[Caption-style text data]
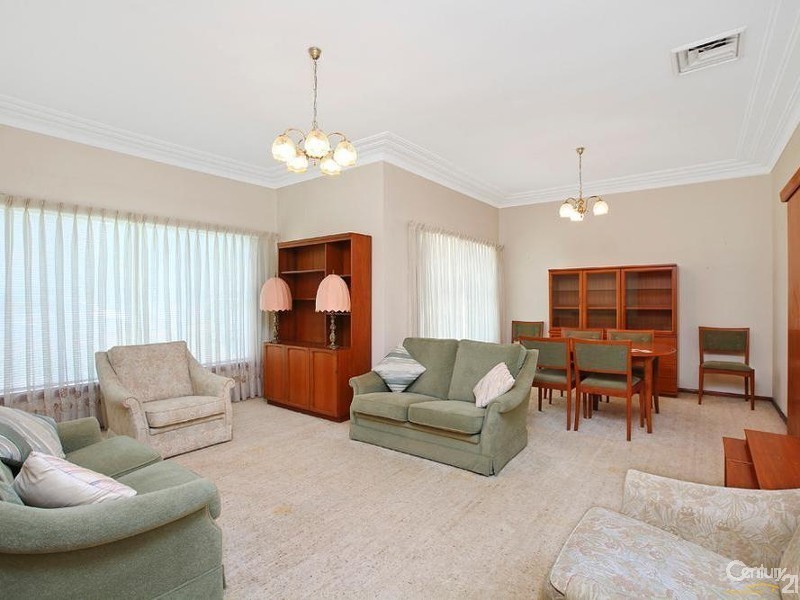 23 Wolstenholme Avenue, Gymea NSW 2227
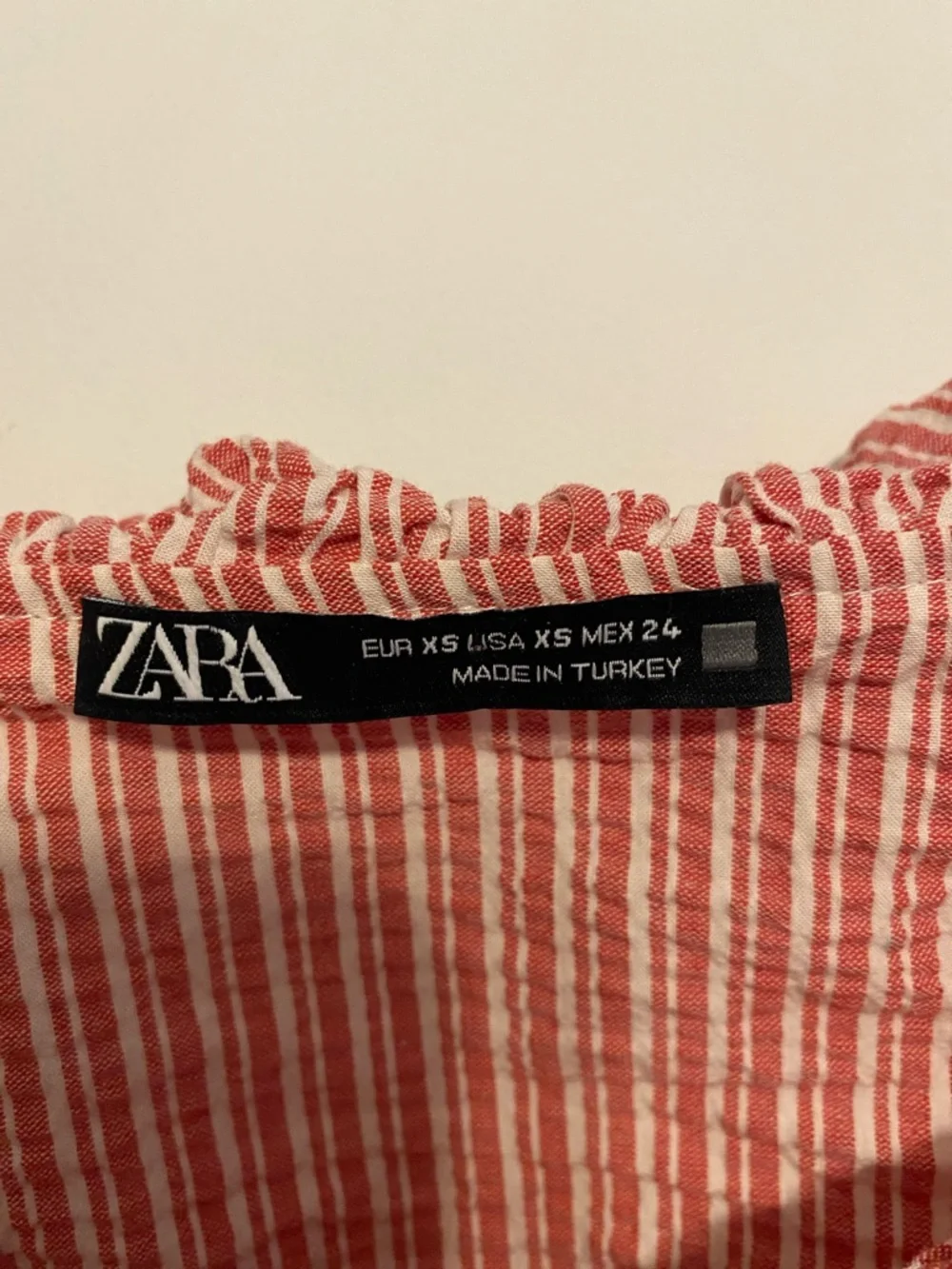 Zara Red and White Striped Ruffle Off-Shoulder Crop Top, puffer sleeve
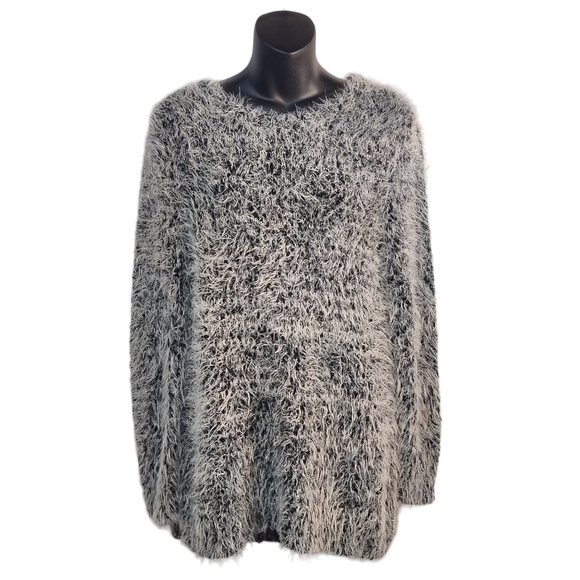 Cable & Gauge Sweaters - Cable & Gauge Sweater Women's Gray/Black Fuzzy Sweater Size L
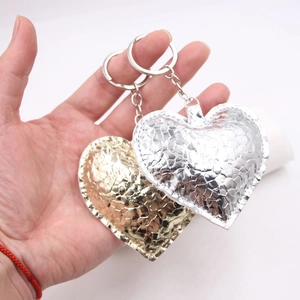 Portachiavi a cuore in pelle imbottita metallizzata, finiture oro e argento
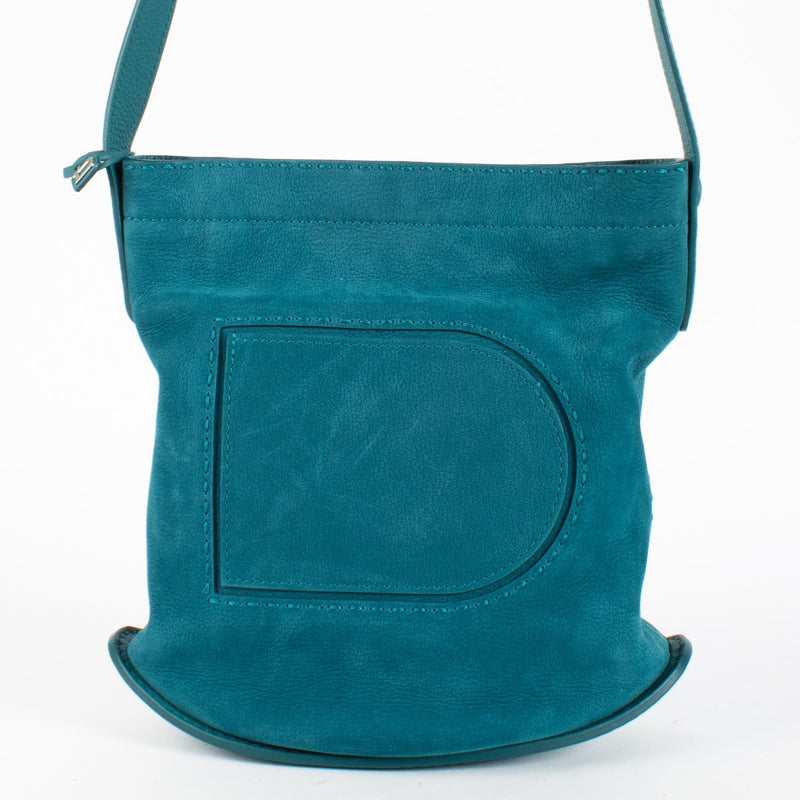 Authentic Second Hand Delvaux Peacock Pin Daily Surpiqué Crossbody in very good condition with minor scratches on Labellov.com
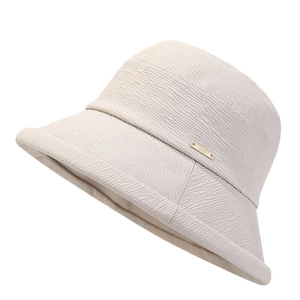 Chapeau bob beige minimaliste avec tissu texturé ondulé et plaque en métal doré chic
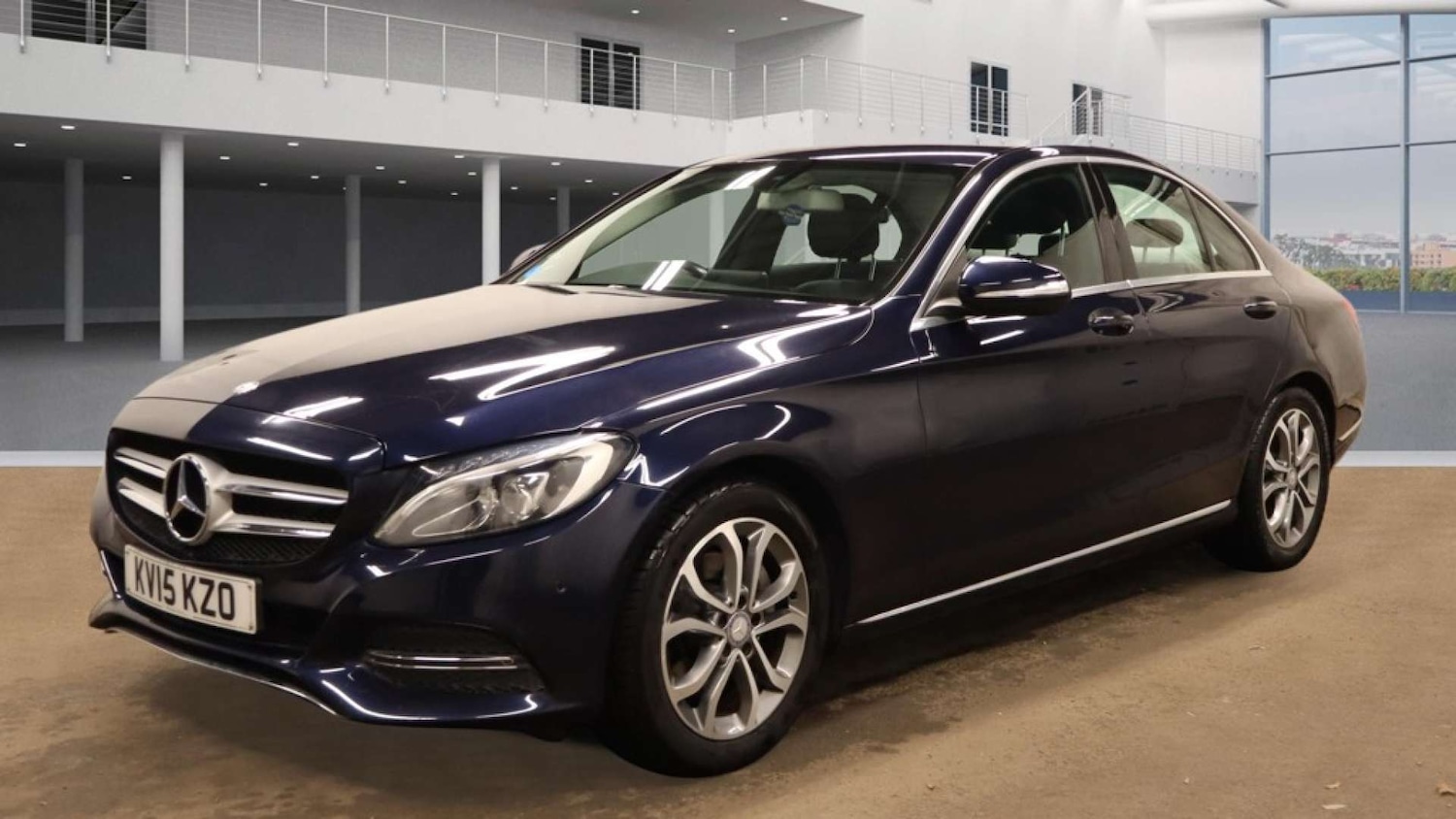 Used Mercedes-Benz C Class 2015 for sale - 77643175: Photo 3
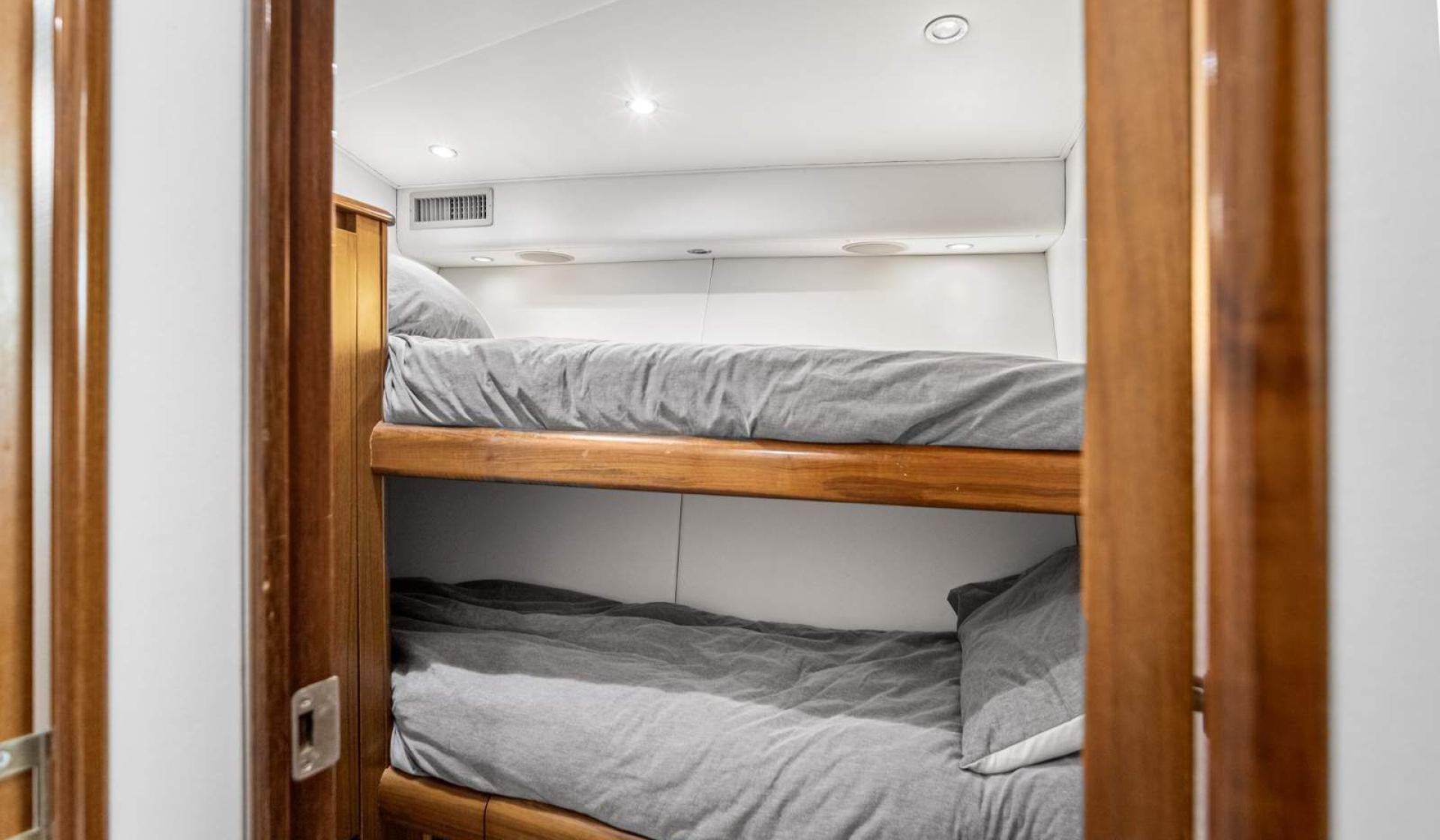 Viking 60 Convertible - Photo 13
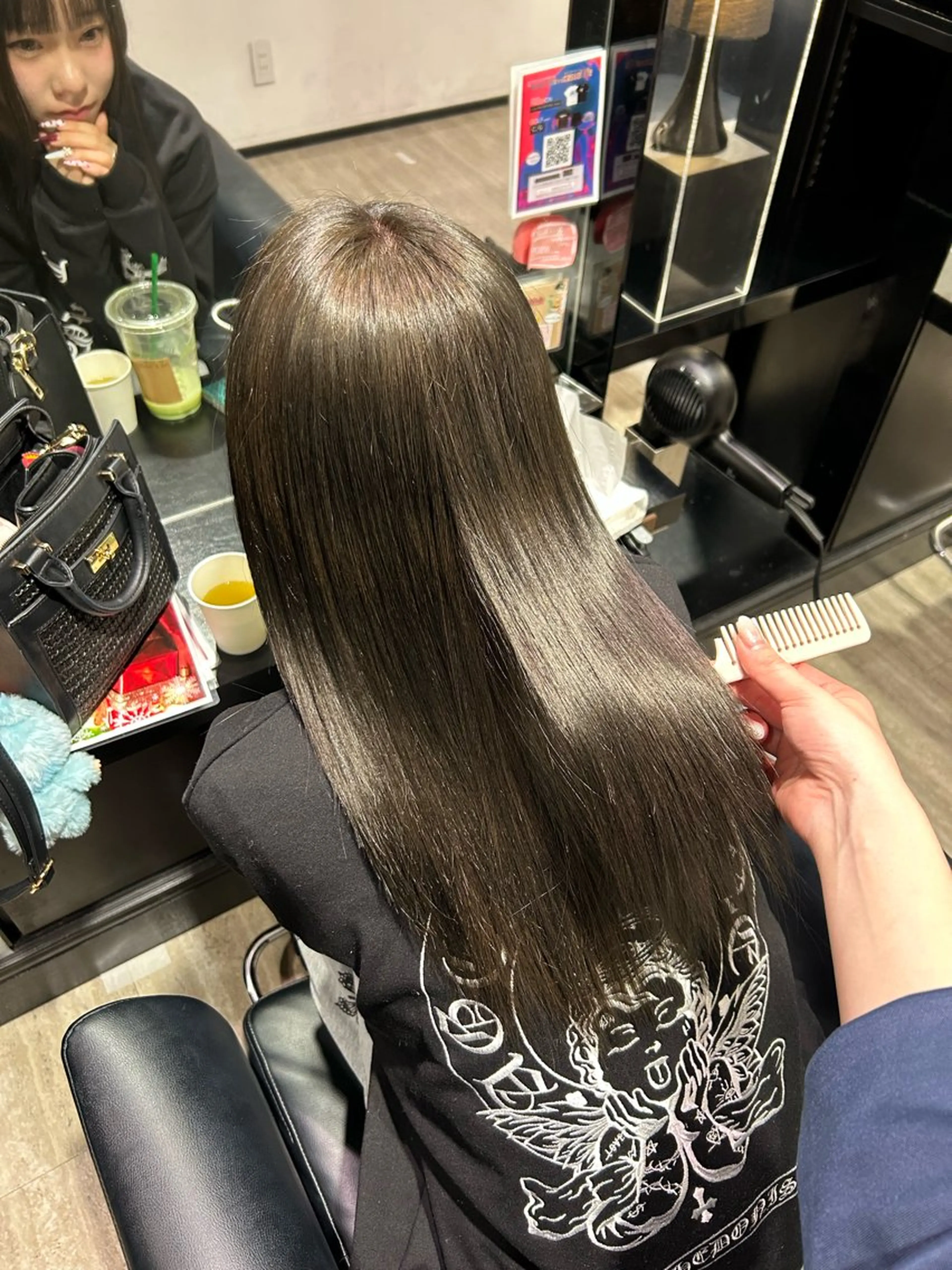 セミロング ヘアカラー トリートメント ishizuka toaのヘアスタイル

Task details
Pictures stay out. Return exactly the lines from the one with "Viking 60 Convertible - Photo 13" through the last line of the data.

Your response
 Viking 60 Convertible - Photo 13
 セミロング ヘアカラー トリートメント ishizuka toaのヘアスタイル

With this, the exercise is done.